O mesmo ocorre com as desonerações fiscais, que deixam de constar do balanço do Tesouro. Essa mudança está no projeto de mudança da Lei que o governo quer aprovar no Congresso.




4-Por que parlamentares são contra a mudança na LDO?

 

As diversas manobras fiscais feitas pelo governo Dilma desde 2012, aliadas à falta de cuidado com a inflação, fizeram com que a credibilidade da economia brasileira fosse manchada.

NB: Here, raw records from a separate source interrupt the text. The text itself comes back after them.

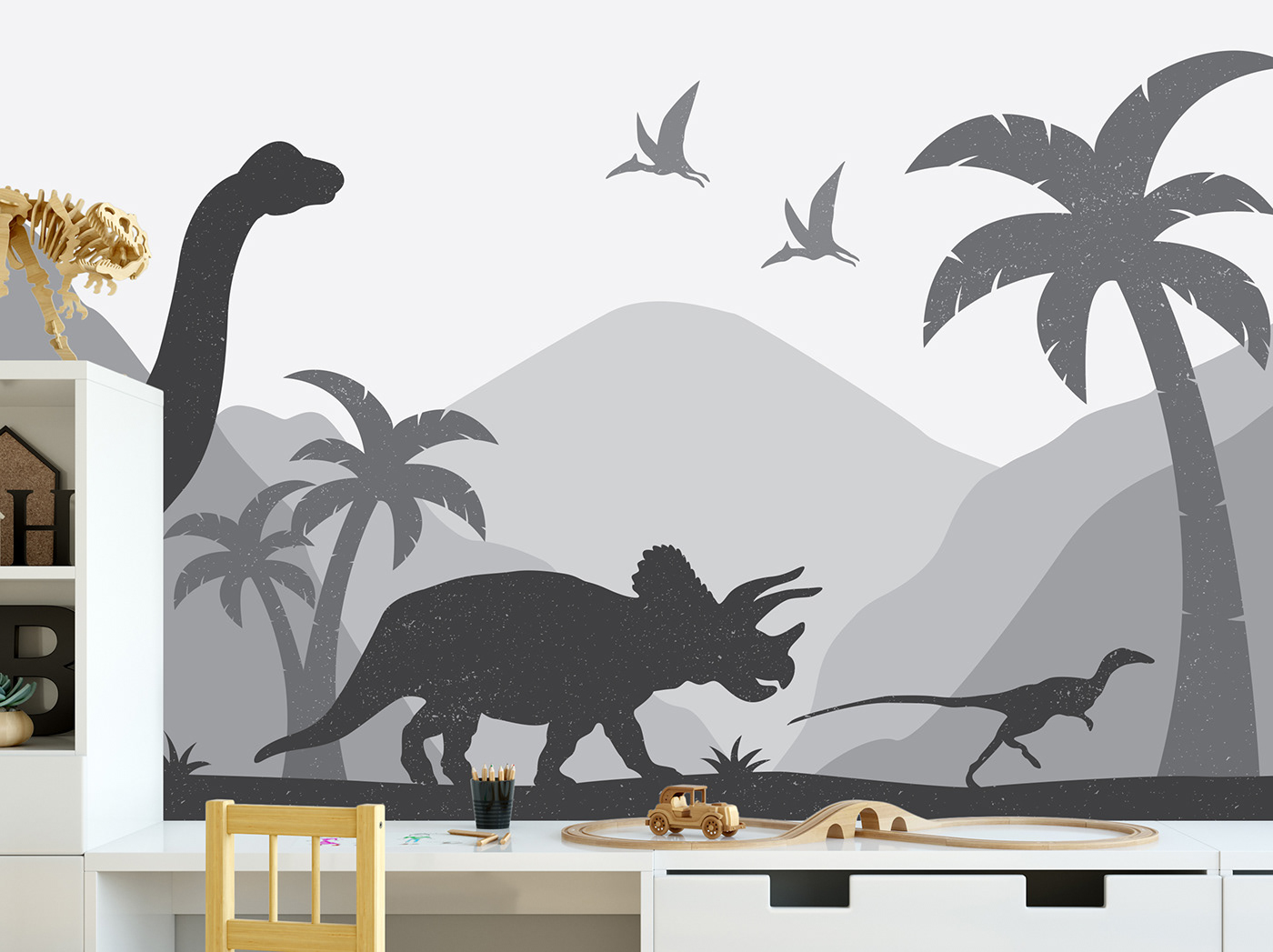 animals dinosaurs for children for home For Kids home design ILLUSTRATION  little stories wallpaper poster wallpaper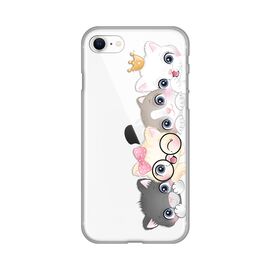 Silikonska futrola PRINT Skin - iPhone 7/8/SE (2020)/SE (2022) Cats.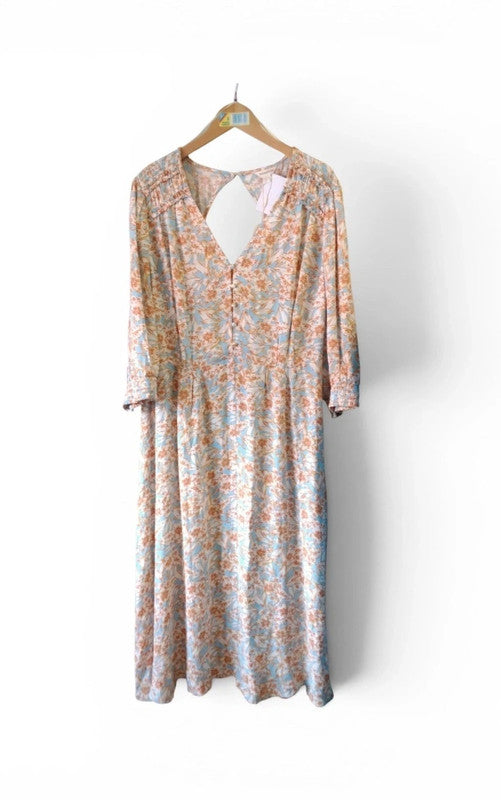 Monsoon Dress blue floral size22 9557KMC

Mudar a LDO não só chancela a falta de responsabilidade fiscal do governo, como também abre espaço para que, no ano que vem, também não haja cumprimento da meta. Durante a campanha eleitoral, a presidente Dilma, inclusive, exacerbou opiniões contrárias ao cumprimento do rigor fiscal. Ela atribuía tal preocupação com as contas públicas como um defeito que entrava na conta do candidato de oposição.



No caso, Aécio Neves. Para aprovar a mudança na lei, a presidente precisará do apoio da Câmara e do Senado nas votações. Contudo, a oposição vem tentando impedir a aprovação da mudança. 

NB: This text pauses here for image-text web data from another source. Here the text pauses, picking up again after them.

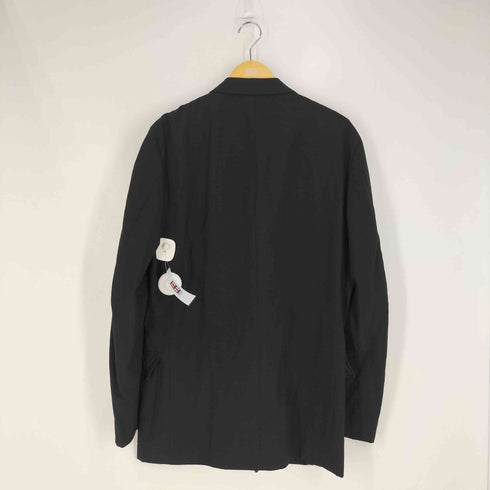 イッセイミヤケメン ISSEY MIYAKE MEN 黒タグ ピンタック 切替 ウール 3B テーラードジャケット メンズ JPN:4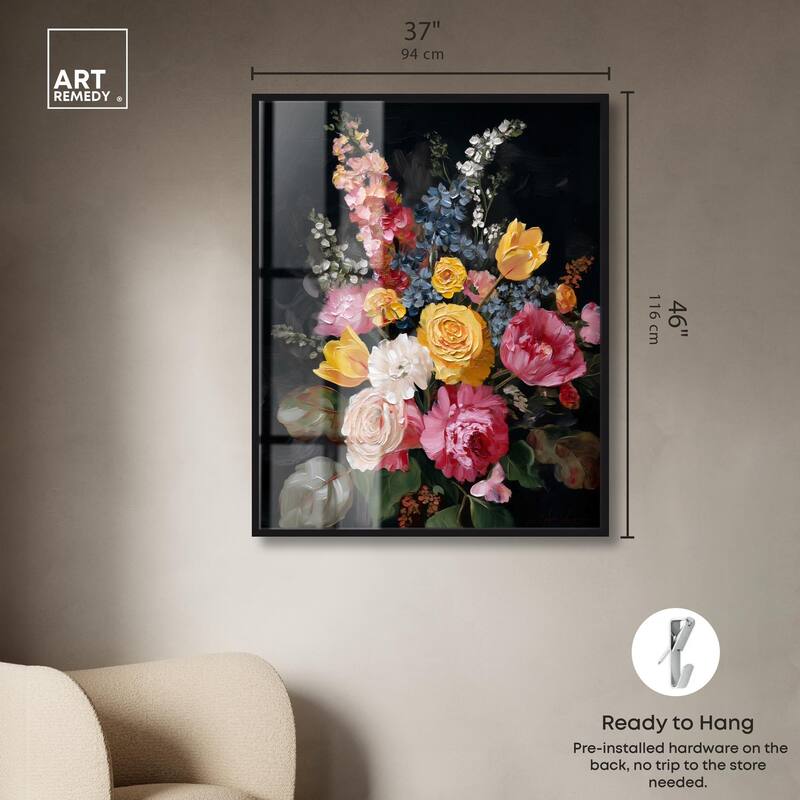 Garden Richness I Shadowbox by Art Remedy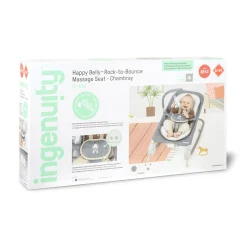 ingenuity Happy Belly Rock-to-Bounce Massage Sitz* Wippen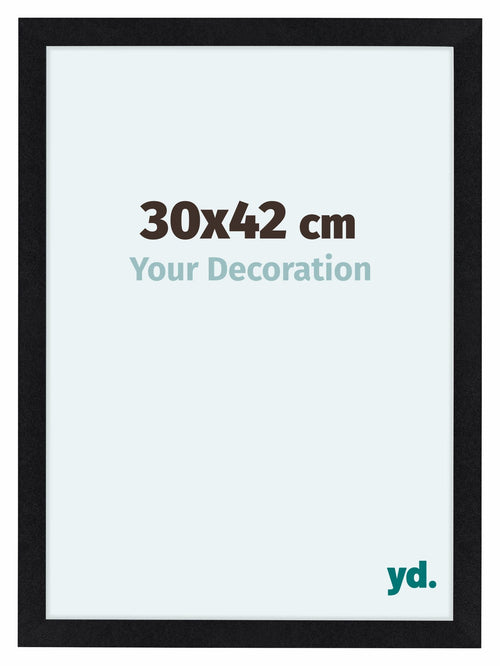Como MDF Photo Frame 30x42cm Black Matte Front Size | Yourdecoration.com
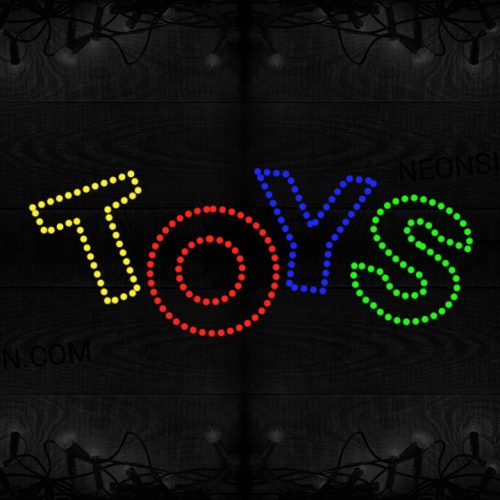 Image of Toys LED Bulb Sign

5-Sozinha a oposição pode impedir a mudança na LDO?

 

Não, pois os partidos de oposição, em especial PSDB e DEM, não possuem maioria no Congresso.



Mas, como o governo se encontra no período de nomear os novos ministros que governarão a partir de 2015, partidos aliados ao governo vêm condicionando seu voto favorável na questão da LDO a indicações nos Ministérios.


Como o governo não quer ceder tão rápido, fez uma outra manobra para tentar ganhar apoio para aprovar a nova LDO: baixou um decreto que aumenta os repasses de dinheiro público a parlamentares ainda em 2014. Porém, disse que o dinheiro só será liberado se a nova LDO for aprovada.


A medida suscitou revolta no Congresso e, durante a votação do projeto, houve até mesmo troca de empurrões e sopapos. Manifestantes entraram no plenário para protestar contra a aprovação da lei.


6-O que pode acontecer se a manobra fiscal não for aprovada? 

 

O não cumprimento da LDO fere outra lei brasileira: a Lei de Responsabilidade Fiscal. Se o governo descumpri-la, poderão ser aplicadas sanções penais, como a perda de mandato, por exemplo.